I watched this class "live" and was simply amazed at the amount of information Pye covered. Yes, he talks a little fast, and since I was streaming the class I couldn't stop it to review anything, but this guy really knows his stuff and explains it very well so I absorbed quite a bit. Bye is enthusiastic, clearly enjoys his craft, and delivers excellent information to students in a light heartedI and fun way. I think some reviewers are a bit harsh about his humor. Lighten up, people! His examples and the additional information his co-host provides are very worthwhile and you can tell the course was well thought out. I plan to buy the class to help me get back into DSLR photography.

user-7d0810
 

I really enjoyed this class. I am not a beginner, but there were still things I learned here that I found helpful. I really enjoy learning from Pye. He is quick, gets to the point and doesn't spend a lot of time going over and over the same point. There is a wide variety of things that he covers, so really something for everyone. I would recommend purchasing this class if you want to understand your camera better, improve your technique and start taking better photos.

Joy Bobrink
 

I have tried to learn photography myself via the internet / YouTube but always felt like I was missing something in my foundation.
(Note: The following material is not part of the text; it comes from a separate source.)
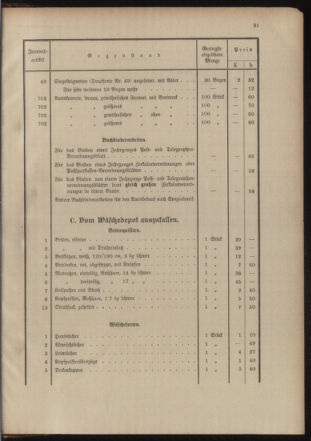 Post- und Telegraphen-Verordnungsblatt für das Verwaltungsgebiet des K.-K. Handelsministeriums 19041211 Seite: 35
Sure I can zero out my meter...but why? How do I know the settings I've selected are the correct ones? I've been circling this drain for a year until this course. WOW! Pye has SO MUCH information in every video. He doesn't just stand in a classroom and talk, he's out in the field actually putting his settings into his camera, talking about why and why not and then shooting. He's hands on the entire course. You don't just hear him, you see exactly what he's doing! I'm a visual / listening learner and this is my eureka moment! Thank you Pye! Watching the Exposure video and how you changed the settings yet maintained the exact same exposure was mind blowing. Awesome course! I would recommend this to anyone new to photography or anyone that feels like they don't have all the info.